Great article highlighting some of the issues we are going to see once EVs become more prevalent amongst the masses.
I can’t help thinking EVs are going to really stretch the grid and domestic wiring. The comment on the 6mm2 was good. I caught an electrician once skimping on this and I pulled him up…he knew he had been caught out! But how many houses will only have the smaller size 2.5mm2 everywhere?
Thanks – keep them coming 🙂
You recomend installing a data cable along side the power to the charger. Where should the data cable terminate at the other end? Does in just need to be connected to my main data network? Or does it need to run to the meter box or solar inverter?
Having just been browsing the zappi manual last night… My guess is just in to your data network.
The zappi can use this if you want to link between multiple zappi (or other myenergi) units. No doubt this also means it’s less likely to suffer from Wifi issues also.
This is an interesting article. We are purchasing an off the plan apartment and the only aspect we could negotiate was a double powerpoint to be installed at our parking space. What type of powerpoint should we ask for? Is it worth it to install?
Hi John, at very least you want a 15a power point. If they baulk at that then push the point that the wall plate is a negligible expense and they may not even have to increase the cable size over a standard 10a power point, depending on the distance to the sub board or main switchboard.
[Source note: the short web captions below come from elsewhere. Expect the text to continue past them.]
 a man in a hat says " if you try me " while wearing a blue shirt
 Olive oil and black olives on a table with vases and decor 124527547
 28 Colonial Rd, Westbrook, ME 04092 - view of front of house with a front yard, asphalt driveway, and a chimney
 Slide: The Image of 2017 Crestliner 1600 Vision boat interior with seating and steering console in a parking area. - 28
If you have 3 phase power available then I would tell them you need a 3 phase 32amp outlet. Again if they baulk you can tell them that they’d better get used to it because EVs are a thing and they need to be across the trend. However you may need to volunteer some funds for more copper in the cable (ie at worst 4 strands of 10mm² instead of 2 strands of 2.5mm²) and an industrial type wall outlet.
This is a great and really practical article. Suggestion to run cable for both internet and for 7kW fast charger, even if you are only going to put in a 15A socket now, is such a good idea. Makes it much easier to upgrade if/when needed. Thank you.
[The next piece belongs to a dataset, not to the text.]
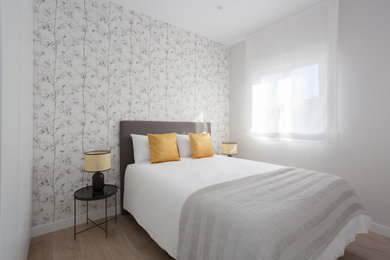Ejemplo de dormitorio principal minimalista pequeño con paredes grises y suelo laminado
We have 3 phase power and have installed an outdoor 3 phase powerpoint in the driveway on a dedicated circuit. We use this portable 3 phase charger to charge our EV: KWIK Portable Type 2 Charger | 32 Amp | 22kW.
It’s excellent, costs less than a wall charger and our 70kw EV battery charges at 11kw from 20% to 90% within 5 hours. We can also take the charger with us and use it wherever there is a 3 phase outlet.
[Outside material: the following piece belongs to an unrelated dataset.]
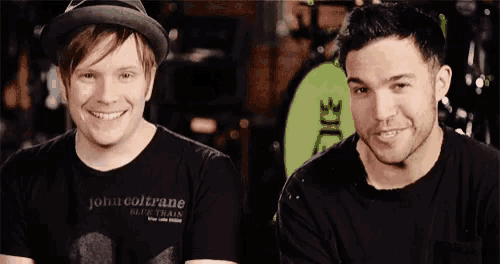 two men are standing next to each other and smiling for the camera .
Is there a smart timer you would recommend for using with a 10amp slow charger? I want to make use of the ev energy plans that have a cheaper window through the night.
Hi Luke,
I don’t have a got to option for timers but it depends how smart you want to get.
At the basic end there are mechanical plug in timers, really straightforward but not long lived because they’re so cheap these days. I’ve used a few of but having a simple override switch so you can turn it on without unplugging is a must.
Plug in digital timers can have a lot more options, like different times of day for different days of the week. Plus they hold time in a blackout.
Beyond that there are devices from Shelley, Arlec & various others which have varying degrees of smarts you access via an app.
For really smart management Home Assistant is a great way to automate everything in the house without having to resort to Google or Amazon.
Yeah, I’m familiar with those, just wanted to make sure I get something that’s safe to use with a ev charger. I’m only ever using trickle down at 3.6kw. Are those domestic one up to it?
Hi Anthony, I was wondering whether you have a company or do EV charger installations in Adelaide? I got some quotes from solar quote’s recommended places for ev chargers and it was somewhat expensive so I was thinking about getting a private sparky with experience in this area and purchasing my own equipment through manufacturer. Thanks John
Hi John,
You’ll probably want a 10mm2 cable and a 40a circuit breaker, but search the FAQs for more advice. I’d fit a 32a socket outlet and Fronius Wattpilot myself.